À medida que os anos passam. E já lá vão 24 desde ”Pablo Honey”, a música dos Radiohead assemelha-se cada vez menos a uma qualquer noção mais comum de “épico”. Nesse aspecto, eles chegaram, conquistaram, e seguiram em frente, com a sua obra eternamente inscrita em pedra maciça, e de valor incalculável. Hoje em dia, a música que gravam parecer-se-à mais com um rico ecosistema marinho, em que o estímulo visual provocado pela quantidade e variedade cromática de peixes, algas, corais, e o que mais nos passar pelos olhos, nos provoca uma deliciosa sensação de abstracção e tontura. Thom Yorke e a sua voz permanecem como olho da tempestade. Só que, ao invés de nos querermos focar apenas neles, encaramo-los como tendo uma relação simbiótica que aquilo que os rodeia. Sejam “simples” guitarras, sejam pianos, sejam orquestrações, sejam efeitos de índole electronica.

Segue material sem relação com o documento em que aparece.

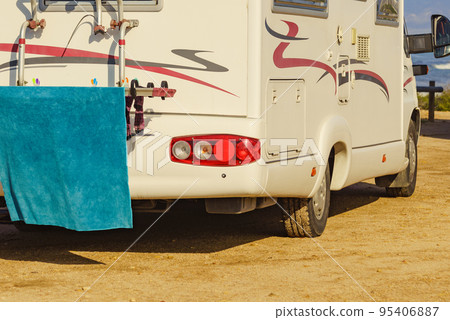 Caravan with clothes to dry Caravan with clothes to dry 95406887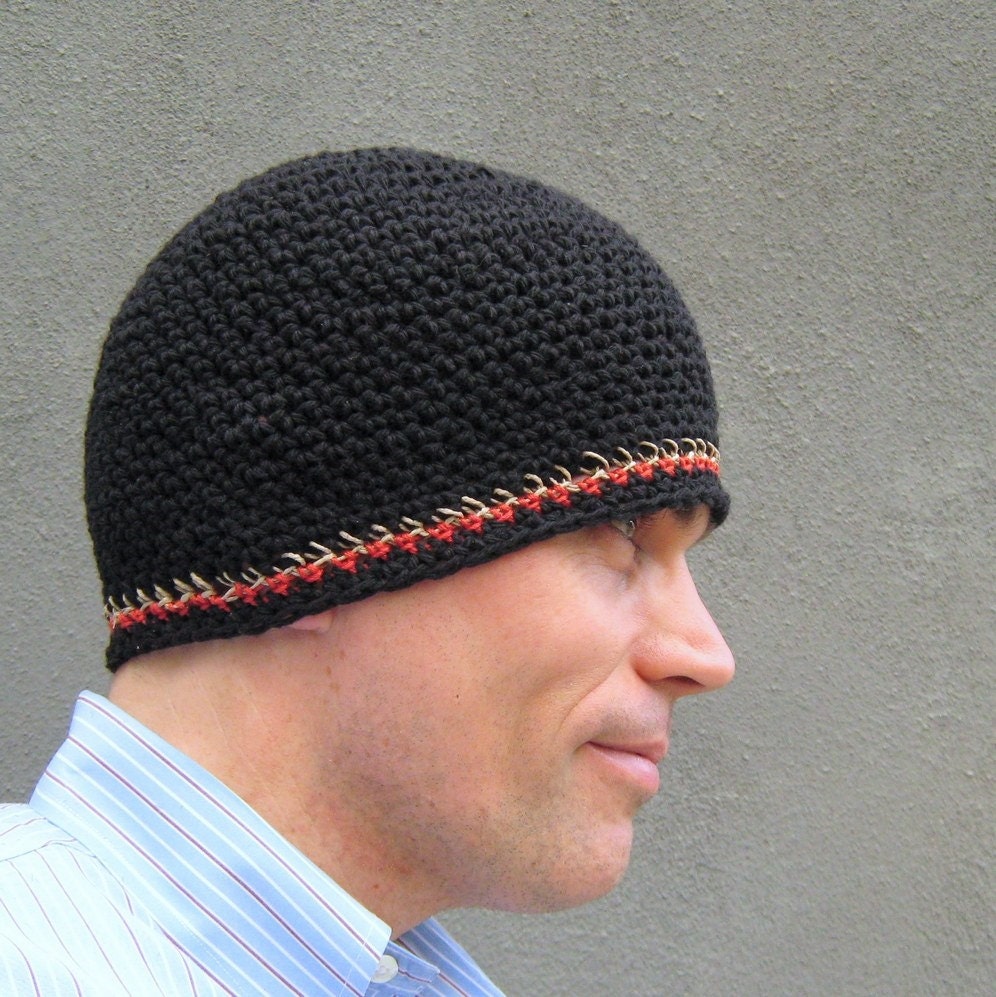 black men's beanie/ cotton hemp crochet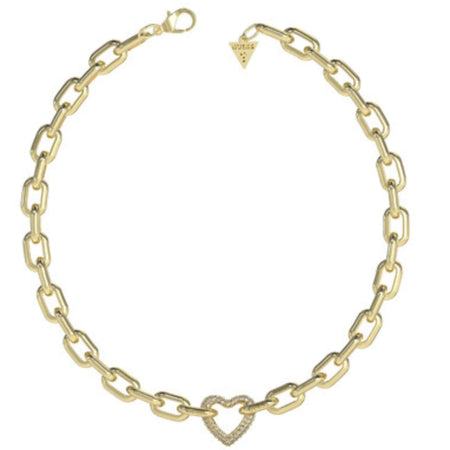 Guess Gold Beloved Crystal Heart Chunky Link Necklace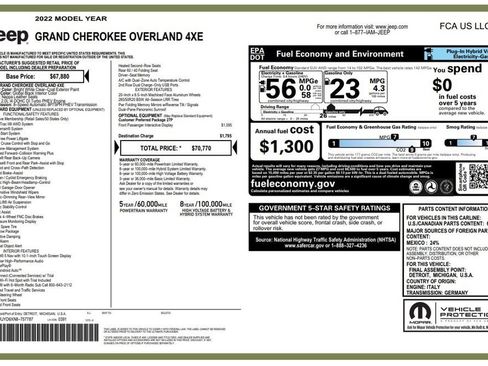Certified 2022 Jeep Grand Cherokee Overland AWD/4WD image 3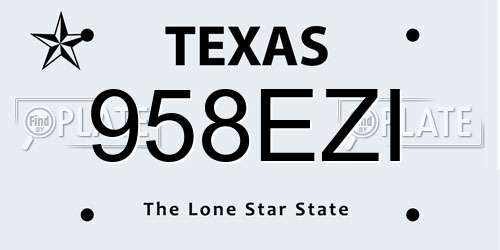 958EZI Texas License Plate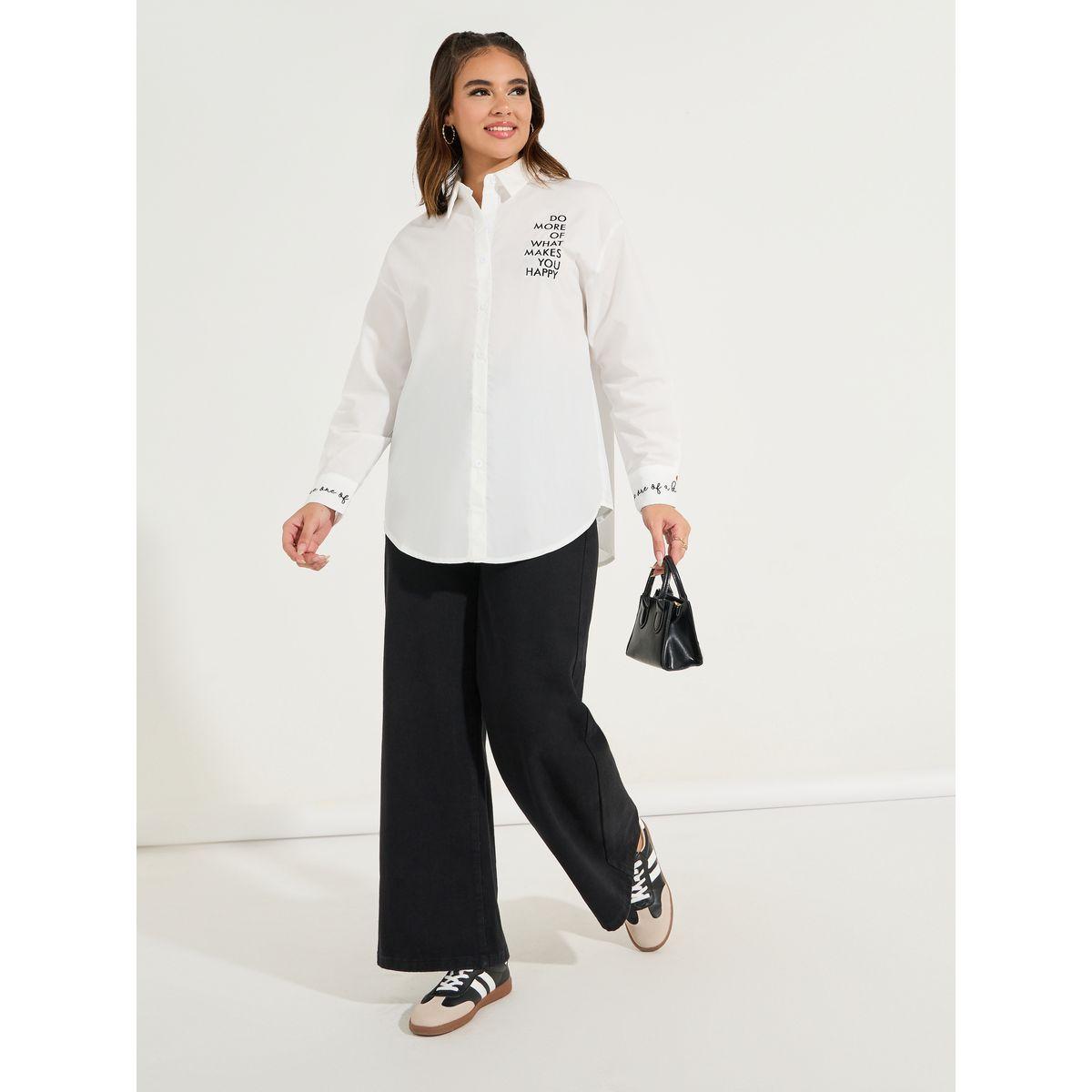 Styli Oversized Embroidery Detail Button Down Shirt-women-clothing-shirtsandblouses-shirts-image-2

”A Moon Shaped Pool”, nono álbum da banda de Oxford, não diverge do repertório anterior num ponto vital. Viver dentro da carapaça dos Radiohead, do mundo que os tornou, e os mantém, únicos no universe melómano, é viver no meio de uma atmosfera repleta de condensação. Isto porque, quando deixamos de “habitar” nela, notamos a diferença. É impossível ter estado rodeado de todos os estímulos que o álbum provoca, e não sentir um choque quando a “realidade” mais prosaica regressa aos nossos sentidos. Não se trata de algo tão “banal” como dizer que a música de ”A Moon Shaped Pool” é “Experimental”. Sentimos, por mais anos (cinco) que se tenham passado desde ”The King Of Limbs”, que tudo aqui tem um lugar. Que tudo encaixou graças ao talento, à percepção, ao génio destes 5 músicos. Eles guiam-nos através das espirais de piano de “Daydreaming”, do túnel vertiginoso de “Ful Stop”, dos ritmos sambados (ouçam) de “Present Tense”. Dilatam-nos as pupilas de encantamento. “Burn The Witch” é a primeira música, e eles escaparam aos Autos-de-Fé.
O facto de “True Love Waits”, velha favorita, encerrar o disco e não provocar um choque com o que veio antes, é outra prova do contínuo em que os Radiohead existem. De como a sua música pode ser “moldada”, sem perder qualquer beleza. “Decks Dark” e “Identikit” abrem vórtices no céu, por onde “Desert Island Disk” e “The Numbers” passam, a seguir, respectivamente, a cada uma delas. Não existe elemento que não faça sentido quando falamos dos Radiohead. Eles sentem-se, de acordo com as letras, impotentes para parar o pânico e a distopia que os rodeia. Mas, paradoxalmente, são omnipotentes no seu espaço. E esse contém riquezas às quais ”A Moon Shaped Pool” vem adicionar mais uma dose sem fim. Riquezas que, esperamos, a sua generosidade permita partilhar por muitos anos ainda.